▸ **Instructions to follow**
Span requested from the data below: the line with "A Decision to" through the line with "Guihh Morreu E", both included. Give only these lines again, exactly, and leave every picture out.

(Stored dataset items)

╭──

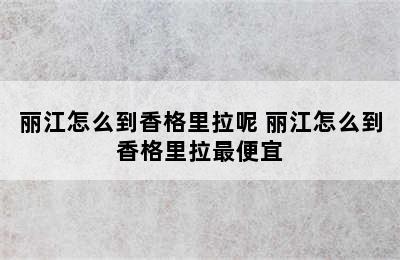 丽江怎么到香格里拉呢 丽江怎么到香格里拉最便宜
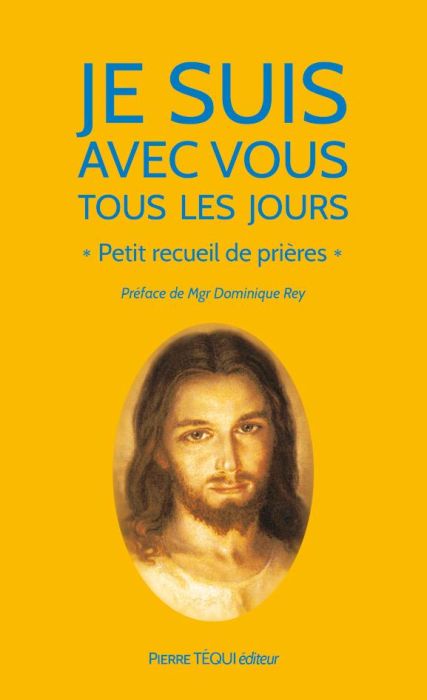 Emprunter Je suis avec vous tous les jours. Petit recueil de prières, 18e édition revue et augmentée livre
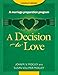 A Decision to Love: A Marriage Preparation Program : Couple's Book (Best in Marriage and Baptism Preparation)
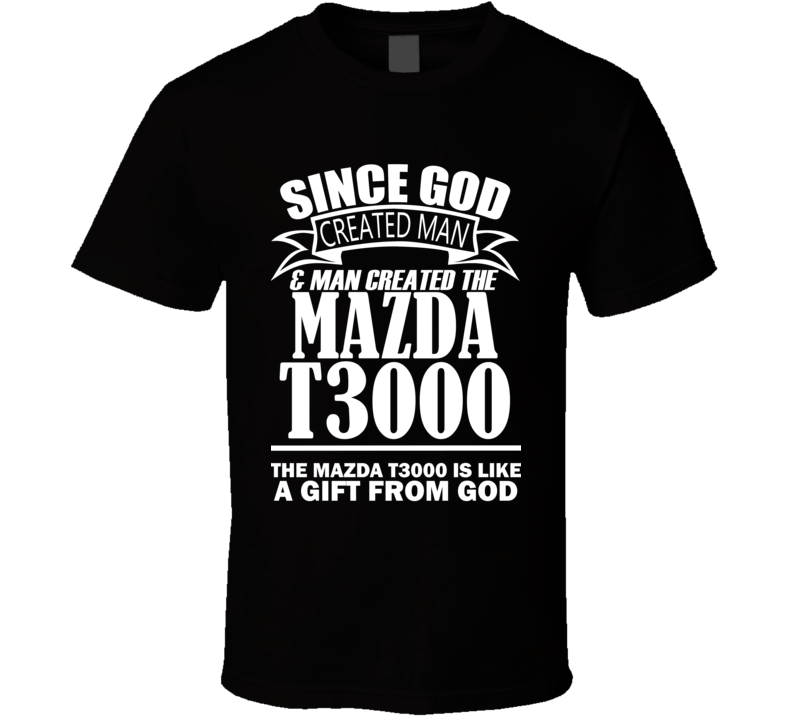 God Created Man And The Mazda T3000 Is A Gift T Shirt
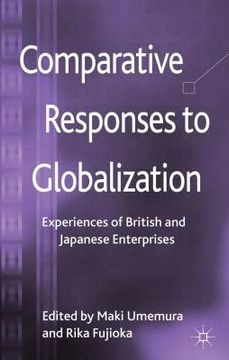 portada comparative responses to globalization: experiences of british and japanese enterprises (en Inglés)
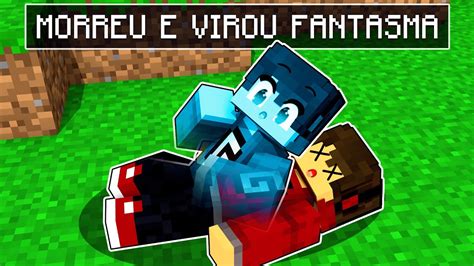 Guihh Morreu E Renasceu Como Fantasma No Minecraft Guihh Youtube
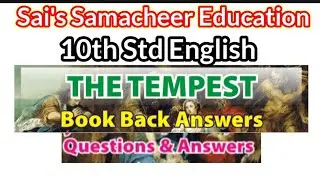 10th Std|The Tempest|unit 1 Supplementary|Book Back Answers Questions and Answers #tempest #english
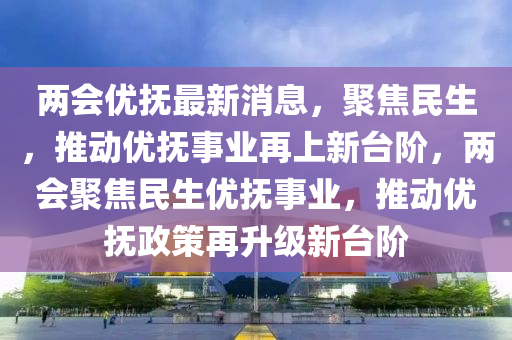 兩會(huì)優(yōu)撫最新消息，聚焦民生，推動(dòng)優(yōu)撫事業(yè)再上新臺(tái)階，兩會(huì)聚焦民生優(yōu)撫事業(yè)，推動(dòng)優(yōu)撫政策再升級(jí)新臺(tái)階圣農(nóng)（天津）集團(tuán)有限公司
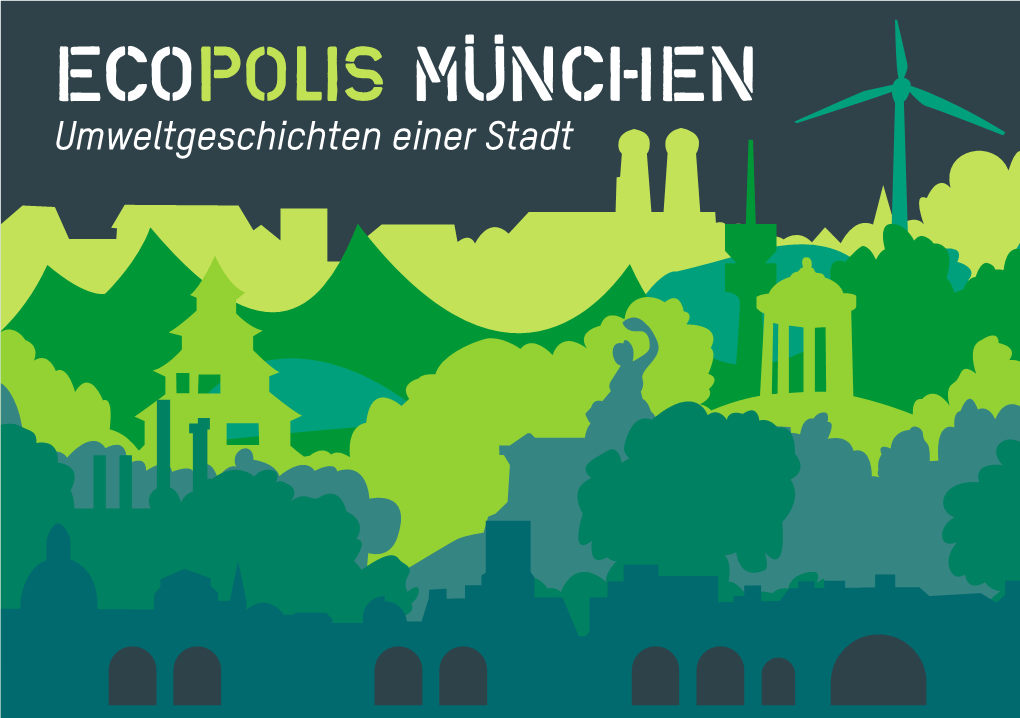 Ecopolis München Umweltgeschichten Einer Stadt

╰──

▸ **Output below**
 A Decision to Love: A Marriage Preparation Program : Couple's Book (Best in Marriage and Baptism Preparation)
 God Created Man And The Mazda T3000 Is A Gift T Shirt
 portada comparative responses to globalization: experiences of british and japanese enterprises (en Inglés)
 Guihh Morreu E Renasceu Como Fantasma No Minecraft Guihh Youtube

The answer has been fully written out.